Bayern Múnich - Atlético Madrid/Andreas Gebert/EFE

Bayern Múnich - Atlético Madrid/Andreas Gebert/EFE

Por José Gabriel Gabriel

Salgo de casa en bicicleta. Giro a la izquierda y cruzo el parque del barrio. Circulo sobre un carril de tierra mojada y guijarros oscuros. El césped del recinto, verde y fresco, transmite una paz cotidiana remozada en brisas suaves y atardeceres lentos. Un balón fluorescente se cruza en mi camino. Freno. Me bajo de la bicicleta. Piso el cuero y levanto la vista. Tres niños de unos diez años me observan: esperan mi reacción. Les paso el balón con el interior. Por un instante, pienso en unirme a la pachanga. Me dan las gracias y siguen jugando. Retomo la marcha. Recuerdo los viernes por la tarde jugando “Eliminatorias” en el parque de La Molineta. Un canto al liberalismo: todos contra todos sin más ley que el beneficio intransferible e individual del gol. Debías driblar a todos tus contrincantes y batir al portero para pasar a la siguiente ronda. Sentías presión en la nuca cuando los jugones se clasificaban y esperaban su turno mascando chicle sobre el respaldo de un banco.

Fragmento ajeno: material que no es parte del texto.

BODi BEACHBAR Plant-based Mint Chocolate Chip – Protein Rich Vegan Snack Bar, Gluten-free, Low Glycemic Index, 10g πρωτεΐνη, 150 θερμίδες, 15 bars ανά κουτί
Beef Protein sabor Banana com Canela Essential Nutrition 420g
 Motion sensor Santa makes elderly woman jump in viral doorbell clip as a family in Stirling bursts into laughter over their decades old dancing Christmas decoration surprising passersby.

Los estetas cultivaban los “Menos cinco”. En este juego, debías pasar el balón por encima del portero. Los disparos que besaban la cruceta y terminaban en el fondo de las redes sonaban a Vivaldi. Buscabas un efecto coqueto en cada golpeo, como quien se sacude la caspa de los hombros o se atusa el flequillo en el retrovisor de un BMW. Los goles encajados en Las Españolas te restaban los puntos iniciales. Te alojabas en la venta del Nabo si te marcaban un gol con los cojones. Juro por Maradona y hasta por el otro Dios que en mi colegio eliminaron a un chaval engañándolo con varias bicicletas, abandonándolo a su suerte a orillas de la portería y metiendo el balón con la bolsa escrotal.

Cuajabas las mejores actuaciones en los partidillos con amigos cuando menos te apetecía correr detrás de una pelota. Recuerdo la advertencia de un paisano a sus compañeros de equipo mientras yo trotaba por la banda como un potro cojo, mendigando algún pase que me permitiera demostrar mis habilidades, inéditas hasta ahora: “Cubrid a Josega, parece malo pero crea peligro”. No supe si propinarle una patada en la espinilla o invitarle a un paquete de PetaZetas.

Llego a mi destino y miro el móvil: El Atlético de Madrid jugará la final de Champions. Otra vez. Interpreto las gestas de Simeone como una oda al amor propio, a la resistencia, a la dignidad de los eternos perdedores que cuando menos te lo esperas se presentan una mañana en casa con la cabeza de la Medusa debajo del brazo.